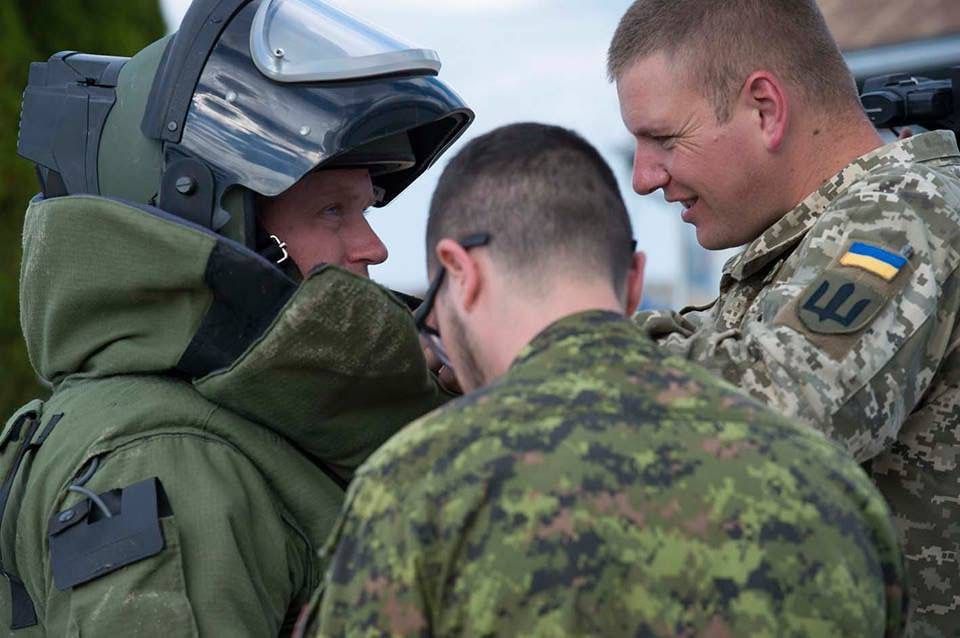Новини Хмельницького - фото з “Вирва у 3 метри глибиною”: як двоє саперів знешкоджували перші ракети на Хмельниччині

- - -

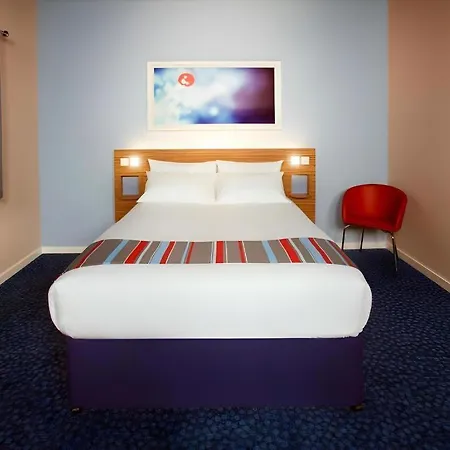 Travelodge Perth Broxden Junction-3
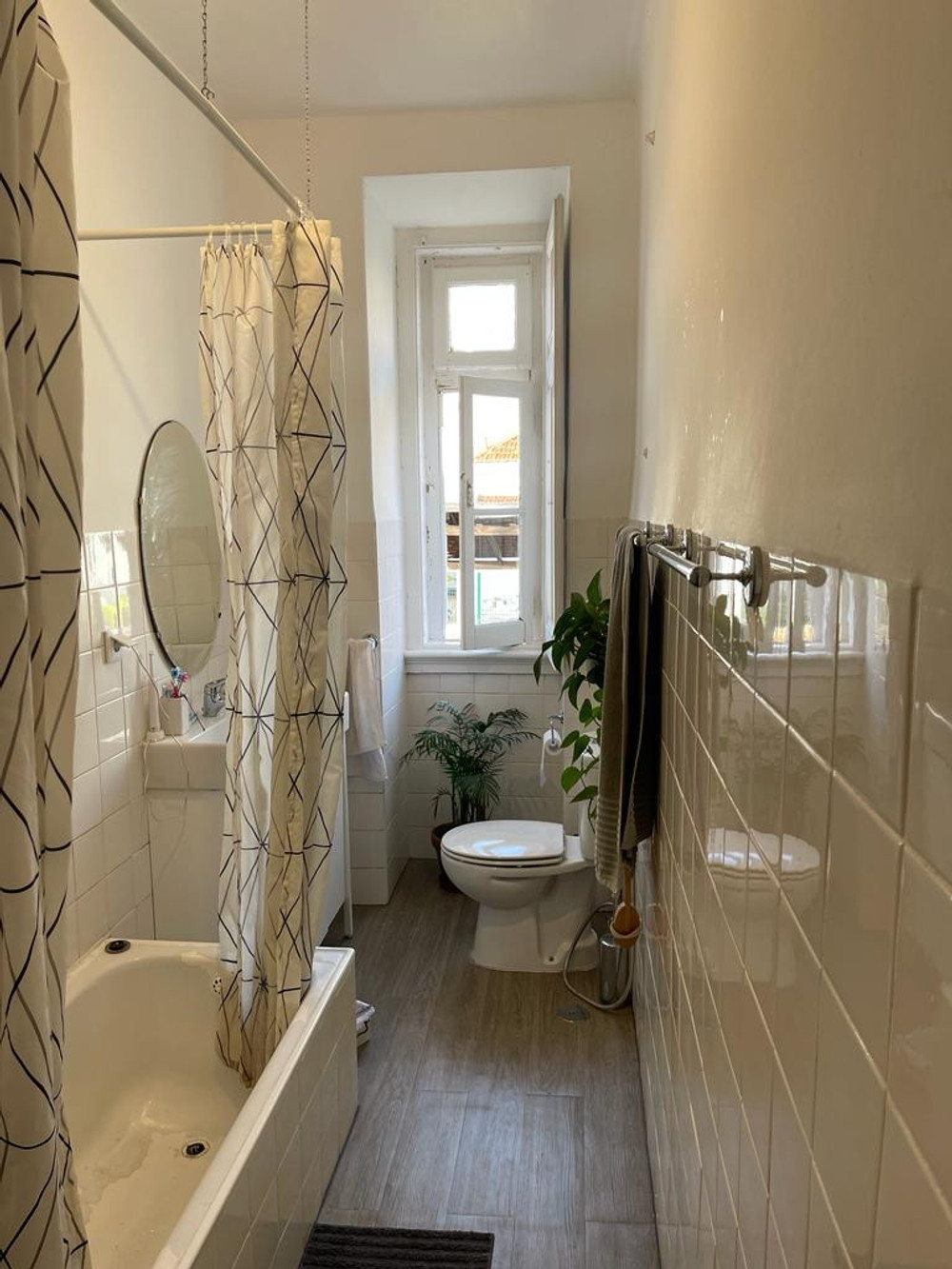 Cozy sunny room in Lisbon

- - -

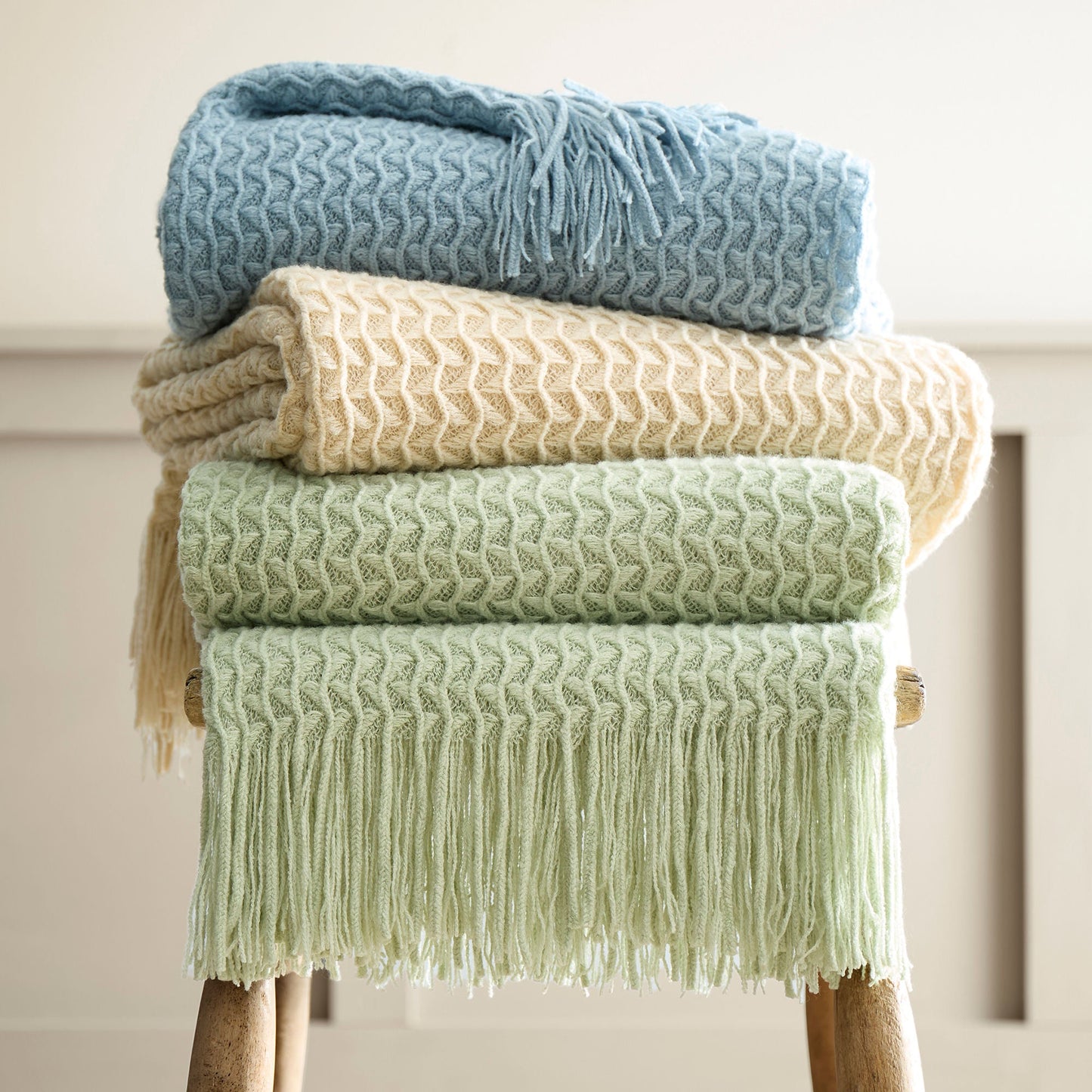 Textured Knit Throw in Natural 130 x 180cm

- - -

Description of the task: From the records above, transcribe only the stretch from the line with "Travelodge Perth Broxden Junction-3" through the line with "Cozy sunny room in Lisbon", keeping both ends. Omit pictures.

Your response:
 Travelodge Perth Broxden Junction-3
 Cozy sunny room in Lisbon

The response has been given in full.